"As for the souls of the just, they're in the hands of God; the torment of death never lays a finger on them. In the eyes of the not-so-just, the just seem to have died and gone to hell; but such affliction as they may have suffered was merely their exit fee from this world to the next. Their departure was misinterpreted as their demise; in reality they're at peace. Yes, the just suffer as much as the unjust during the death process; but their passage is full of hope and the promise of immortality." --Wisdom 3:1-4 (The Message)
I was very excited to finally receive a hardcover copy of ACTA's newly released The Message: Catholic/Ecumenical Edition. I have reported on this publication since it was announced earlier in the year. If you would like to read an interview I did with Gregory Pierce, President and Co-Publisher of ACTA Publications, go here. I am sure you will find many of your questions answered in that interview.
Now for the first time and exclusively from ACTA Publications, The
Message features the deuteroncanonical books translated by William
Griffin in The Message: Catholic/Ecumenical Edition. Including the
books of Judith, Tobit, Sirach, Wisdom, Baruch, 1 and 2 Maccabees, and
additions to Esther and Daniel, all translated in the same
contemporary American-idiomatic paraphrased style as the other
editions of The Message.
Eugene Peterson's The Message is a fresh, compelling, insightful,
challenging, faith-filled translation of the Bible into contemporary
idiomatic American English and is first and foremost a reader's Bible.
Eugene Peterson and William Griffin (translator of the
deuterocanonical books) have made the Scriptures come alive again by
translating them in a way that people can understand what God is
trying to say to us today.
This Bible is meant to be read. The Message is not meant to be a
substitute for your other bible translations. It is meant to sit next
to them where you can pick it up and simply start reading. We hope it
will send you back to your other translations with new insight and
William Griffin translated the Deuterocanonical portions straight from the Nova Vulgata, which might makes it one of the only English translations from that Latin text. I am working on getting connected with Mr. Griffin to talk to him about that process, so stay tuned. Of course, Eugene Peterson's translation is what is found, unchanged, for the remainder of the books.

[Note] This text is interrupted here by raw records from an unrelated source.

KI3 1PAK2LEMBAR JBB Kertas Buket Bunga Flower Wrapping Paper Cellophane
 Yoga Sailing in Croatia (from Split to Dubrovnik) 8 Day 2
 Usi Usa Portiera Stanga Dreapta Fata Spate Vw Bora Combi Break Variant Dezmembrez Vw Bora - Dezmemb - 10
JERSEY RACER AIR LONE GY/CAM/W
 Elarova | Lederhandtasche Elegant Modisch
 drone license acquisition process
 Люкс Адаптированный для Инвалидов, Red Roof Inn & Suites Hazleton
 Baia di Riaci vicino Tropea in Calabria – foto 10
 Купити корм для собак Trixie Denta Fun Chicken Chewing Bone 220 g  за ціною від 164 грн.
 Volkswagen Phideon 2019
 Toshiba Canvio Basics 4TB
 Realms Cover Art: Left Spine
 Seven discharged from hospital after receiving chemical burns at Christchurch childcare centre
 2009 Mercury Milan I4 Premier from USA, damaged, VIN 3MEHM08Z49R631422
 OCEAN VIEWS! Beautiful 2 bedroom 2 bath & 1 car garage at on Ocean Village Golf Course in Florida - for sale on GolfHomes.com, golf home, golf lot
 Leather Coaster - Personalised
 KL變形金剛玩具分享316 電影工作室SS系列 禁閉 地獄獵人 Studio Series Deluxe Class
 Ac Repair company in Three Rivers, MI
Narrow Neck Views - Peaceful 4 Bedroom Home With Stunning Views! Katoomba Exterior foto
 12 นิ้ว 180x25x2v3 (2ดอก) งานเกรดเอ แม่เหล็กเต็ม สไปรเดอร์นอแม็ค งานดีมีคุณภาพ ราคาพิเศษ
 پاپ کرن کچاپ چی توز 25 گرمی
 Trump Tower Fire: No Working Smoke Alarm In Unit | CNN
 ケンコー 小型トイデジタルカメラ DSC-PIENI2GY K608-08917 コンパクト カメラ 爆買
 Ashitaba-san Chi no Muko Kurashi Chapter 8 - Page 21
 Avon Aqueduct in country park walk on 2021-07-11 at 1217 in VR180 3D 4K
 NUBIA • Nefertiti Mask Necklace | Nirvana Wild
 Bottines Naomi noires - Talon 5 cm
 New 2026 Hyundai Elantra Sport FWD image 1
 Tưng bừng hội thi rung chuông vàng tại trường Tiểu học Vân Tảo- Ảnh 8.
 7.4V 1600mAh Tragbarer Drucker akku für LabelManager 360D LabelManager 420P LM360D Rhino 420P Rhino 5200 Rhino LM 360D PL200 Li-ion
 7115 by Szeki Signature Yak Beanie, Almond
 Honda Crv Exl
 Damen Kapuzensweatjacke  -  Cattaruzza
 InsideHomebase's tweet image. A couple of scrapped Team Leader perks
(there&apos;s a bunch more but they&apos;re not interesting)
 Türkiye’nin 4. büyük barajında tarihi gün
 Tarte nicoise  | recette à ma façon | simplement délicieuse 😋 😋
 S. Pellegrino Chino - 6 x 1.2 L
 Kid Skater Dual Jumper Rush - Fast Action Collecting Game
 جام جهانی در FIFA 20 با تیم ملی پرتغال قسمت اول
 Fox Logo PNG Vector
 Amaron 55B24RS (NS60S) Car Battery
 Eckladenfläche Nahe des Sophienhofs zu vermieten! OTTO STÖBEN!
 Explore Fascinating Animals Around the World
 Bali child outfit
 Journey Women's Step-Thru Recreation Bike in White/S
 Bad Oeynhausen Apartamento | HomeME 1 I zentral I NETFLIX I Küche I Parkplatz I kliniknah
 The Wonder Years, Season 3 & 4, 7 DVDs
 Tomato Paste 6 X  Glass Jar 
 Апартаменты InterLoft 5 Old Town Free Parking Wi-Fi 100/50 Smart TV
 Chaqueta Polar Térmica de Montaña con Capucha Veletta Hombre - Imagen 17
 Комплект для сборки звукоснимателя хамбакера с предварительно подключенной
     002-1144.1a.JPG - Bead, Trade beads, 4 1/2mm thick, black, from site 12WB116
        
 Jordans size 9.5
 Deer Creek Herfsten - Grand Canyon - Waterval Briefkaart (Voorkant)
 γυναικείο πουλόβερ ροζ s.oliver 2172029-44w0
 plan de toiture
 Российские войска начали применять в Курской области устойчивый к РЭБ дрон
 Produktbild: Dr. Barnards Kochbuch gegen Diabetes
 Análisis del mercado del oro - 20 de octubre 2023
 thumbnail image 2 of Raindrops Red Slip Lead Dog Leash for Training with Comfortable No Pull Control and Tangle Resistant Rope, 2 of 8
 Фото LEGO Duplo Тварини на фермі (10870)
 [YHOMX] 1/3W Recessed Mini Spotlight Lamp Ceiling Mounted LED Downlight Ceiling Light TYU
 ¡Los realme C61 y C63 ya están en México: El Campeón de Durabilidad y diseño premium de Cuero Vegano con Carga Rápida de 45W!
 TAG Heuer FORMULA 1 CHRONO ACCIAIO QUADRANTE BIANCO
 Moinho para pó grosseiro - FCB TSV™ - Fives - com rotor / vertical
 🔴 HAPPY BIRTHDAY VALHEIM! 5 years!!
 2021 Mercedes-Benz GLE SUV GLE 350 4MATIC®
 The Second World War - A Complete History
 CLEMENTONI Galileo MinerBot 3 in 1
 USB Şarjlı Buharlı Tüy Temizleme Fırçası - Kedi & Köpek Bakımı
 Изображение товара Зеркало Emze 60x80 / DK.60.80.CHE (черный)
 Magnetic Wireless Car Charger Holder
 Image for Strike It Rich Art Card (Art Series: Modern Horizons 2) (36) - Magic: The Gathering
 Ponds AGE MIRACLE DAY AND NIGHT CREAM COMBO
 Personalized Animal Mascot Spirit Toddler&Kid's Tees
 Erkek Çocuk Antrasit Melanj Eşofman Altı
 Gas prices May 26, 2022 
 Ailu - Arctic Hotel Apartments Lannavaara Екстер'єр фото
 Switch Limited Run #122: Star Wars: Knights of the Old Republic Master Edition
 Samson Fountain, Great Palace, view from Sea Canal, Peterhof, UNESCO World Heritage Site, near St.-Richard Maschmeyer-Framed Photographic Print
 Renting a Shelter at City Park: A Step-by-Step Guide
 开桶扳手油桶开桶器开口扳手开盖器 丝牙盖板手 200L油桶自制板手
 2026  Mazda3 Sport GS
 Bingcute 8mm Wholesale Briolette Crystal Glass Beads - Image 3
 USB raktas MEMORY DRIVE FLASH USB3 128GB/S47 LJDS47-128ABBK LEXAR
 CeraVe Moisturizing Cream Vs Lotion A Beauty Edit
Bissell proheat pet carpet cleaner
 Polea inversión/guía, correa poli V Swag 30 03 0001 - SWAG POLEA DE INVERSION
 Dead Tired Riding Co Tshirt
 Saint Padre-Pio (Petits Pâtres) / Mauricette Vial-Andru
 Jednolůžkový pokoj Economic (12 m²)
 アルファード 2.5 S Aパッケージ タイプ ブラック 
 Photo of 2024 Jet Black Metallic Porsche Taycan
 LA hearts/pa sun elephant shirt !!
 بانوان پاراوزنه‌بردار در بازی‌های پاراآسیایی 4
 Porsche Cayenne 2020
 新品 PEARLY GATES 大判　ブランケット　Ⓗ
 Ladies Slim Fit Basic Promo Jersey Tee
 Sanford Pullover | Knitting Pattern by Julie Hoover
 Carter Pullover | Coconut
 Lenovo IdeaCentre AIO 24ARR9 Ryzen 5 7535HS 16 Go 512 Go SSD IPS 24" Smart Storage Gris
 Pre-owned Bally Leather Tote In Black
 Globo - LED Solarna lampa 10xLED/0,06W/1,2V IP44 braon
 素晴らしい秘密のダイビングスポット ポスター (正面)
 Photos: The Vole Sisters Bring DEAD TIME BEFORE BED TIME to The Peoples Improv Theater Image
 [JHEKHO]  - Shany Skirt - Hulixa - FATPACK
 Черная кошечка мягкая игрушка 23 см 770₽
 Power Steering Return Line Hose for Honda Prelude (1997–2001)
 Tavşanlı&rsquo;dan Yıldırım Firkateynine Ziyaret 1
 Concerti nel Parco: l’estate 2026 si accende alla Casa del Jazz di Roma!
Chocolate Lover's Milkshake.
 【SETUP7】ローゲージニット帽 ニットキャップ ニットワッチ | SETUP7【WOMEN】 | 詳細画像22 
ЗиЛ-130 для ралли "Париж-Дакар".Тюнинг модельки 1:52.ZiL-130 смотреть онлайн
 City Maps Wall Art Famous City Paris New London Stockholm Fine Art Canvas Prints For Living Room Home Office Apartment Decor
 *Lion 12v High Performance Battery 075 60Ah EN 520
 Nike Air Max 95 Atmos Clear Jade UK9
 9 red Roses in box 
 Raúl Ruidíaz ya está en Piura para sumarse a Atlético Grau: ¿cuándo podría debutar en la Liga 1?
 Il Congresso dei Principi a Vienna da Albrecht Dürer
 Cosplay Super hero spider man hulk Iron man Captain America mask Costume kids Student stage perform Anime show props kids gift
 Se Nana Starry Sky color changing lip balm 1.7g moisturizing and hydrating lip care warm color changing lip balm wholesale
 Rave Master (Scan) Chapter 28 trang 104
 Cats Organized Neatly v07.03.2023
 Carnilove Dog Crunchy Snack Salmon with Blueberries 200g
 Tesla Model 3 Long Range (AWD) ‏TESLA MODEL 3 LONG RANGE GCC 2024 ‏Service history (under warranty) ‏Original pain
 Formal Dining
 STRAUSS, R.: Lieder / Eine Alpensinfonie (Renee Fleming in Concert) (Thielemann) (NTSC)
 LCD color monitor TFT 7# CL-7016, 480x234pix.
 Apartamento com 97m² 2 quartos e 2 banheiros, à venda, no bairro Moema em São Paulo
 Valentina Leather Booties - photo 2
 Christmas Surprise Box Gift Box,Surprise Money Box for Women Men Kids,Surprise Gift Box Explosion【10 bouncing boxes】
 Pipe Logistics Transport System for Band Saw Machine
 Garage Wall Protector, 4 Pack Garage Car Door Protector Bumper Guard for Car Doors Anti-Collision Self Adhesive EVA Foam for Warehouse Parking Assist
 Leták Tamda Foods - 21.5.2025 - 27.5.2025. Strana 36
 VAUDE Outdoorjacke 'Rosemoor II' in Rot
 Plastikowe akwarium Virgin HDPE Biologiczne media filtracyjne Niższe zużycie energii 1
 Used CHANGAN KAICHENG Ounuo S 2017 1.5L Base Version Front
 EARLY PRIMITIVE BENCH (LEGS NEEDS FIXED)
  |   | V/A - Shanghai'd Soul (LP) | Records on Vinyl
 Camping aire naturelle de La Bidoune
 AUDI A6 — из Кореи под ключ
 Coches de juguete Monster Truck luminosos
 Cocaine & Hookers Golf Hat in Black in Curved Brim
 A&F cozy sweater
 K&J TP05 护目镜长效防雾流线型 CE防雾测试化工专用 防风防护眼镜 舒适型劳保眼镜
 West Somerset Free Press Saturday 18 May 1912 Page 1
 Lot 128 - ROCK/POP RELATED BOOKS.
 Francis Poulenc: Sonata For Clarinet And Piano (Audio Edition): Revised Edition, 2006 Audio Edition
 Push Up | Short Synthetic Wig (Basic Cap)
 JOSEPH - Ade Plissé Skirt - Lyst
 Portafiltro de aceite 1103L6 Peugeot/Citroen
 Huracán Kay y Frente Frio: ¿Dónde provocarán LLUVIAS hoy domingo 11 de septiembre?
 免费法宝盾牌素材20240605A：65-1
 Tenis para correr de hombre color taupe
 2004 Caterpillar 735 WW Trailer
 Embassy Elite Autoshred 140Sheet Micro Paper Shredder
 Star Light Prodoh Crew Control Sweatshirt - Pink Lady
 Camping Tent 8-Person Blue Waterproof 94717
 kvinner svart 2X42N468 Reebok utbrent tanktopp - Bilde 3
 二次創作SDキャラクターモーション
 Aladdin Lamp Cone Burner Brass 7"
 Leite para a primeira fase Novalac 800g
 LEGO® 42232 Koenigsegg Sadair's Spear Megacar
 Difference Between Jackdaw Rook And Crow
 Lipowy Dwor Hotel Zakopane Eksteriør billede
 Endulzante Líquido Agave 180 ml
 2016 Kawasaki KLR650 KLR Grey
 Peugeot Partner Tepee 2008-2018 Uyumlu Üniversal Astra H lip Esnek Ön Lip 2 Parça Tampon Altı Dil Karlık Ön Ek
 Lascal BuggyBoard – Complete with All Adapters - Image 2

In regards to the product itself, as with almost all editions of The Message that I have seen in the past, this text is arranged in a single-column format. For a more idiomatic Bible like this, it really has to be. Each page is very readable and the verse numbering, arranged by paragraph, are placed on the margins of the text. The text looks and feels like The Message, which is a good thing. Each biblical book is preceded by a short introduction, including the Deuterocanonical books. The Deuterocanonical books are placed in their proper Catholic order, as oppose to having them all bundled together between the Old and New Testaments. This volume also begins with new introductions from the translators Eugene Peterson and William Griffin. Peterson concludes his introduction by saying: "I am immensely grateful to my Catholic friends and colleagues for their encouragement to 'complete' The Message. I hope that it will lead to increased ecumenical use and dialogue."
There are two short sections called "The Story of the Bible in Five Acts" and "The Drama of the Bible" placed in the appendix that give an overall guide to reading the Bible as a whole. In regards to size of the book, itself, it isn't meant to be portable. The size of the book comes in at 9.1 x 6.1 x 2.3 inches. So, it is a bit bulky, but not in the same way as found in the rather large New Jerusalem Bible standard edition. In the future, I would really like to see this Bible available in a more portable edition, much like the Remix editions which are currently available in the Protestant canon and are very popular.
I am truly excited that this edition is now available for Catholics. The people at ACTA have maintained throughout that this is not meant to replace your favorite Catholic translation, but rather to be an aid to understanding and discovery. I think it succeeds in this quite well. The content and format of this edition is conducive to reading the Bible in large chunks. The Message remains popular in Protestant circles, and I know of a number of Catholics who take great comfort in reading from it. So, I am glad that there is finally a complete Catholic edition available for them and for all who are interested in seeing a rendering of the Bible in a fresh, unique way. As of now, you can purchase The Message in hard or soft cover editions, as well as in an E-book edition for your Kindle or Nook. Also, ACTA has keyed The Message into their handy This Transforming Word resource which provides a commentary on the readings for Sundays and Feast Days written by Alice Camille. The Year A edition is currently available for purchase.
"A final comparison. One can drink wine as it is and swallow hard or one can drink it mixed with water and enjoy it; hence, a book is good when it's written, but better when it's read. And so it is with mine." -2 Maccabees 15:39 (The Message)
Thank you to ACTA for providing me a review copy of this product.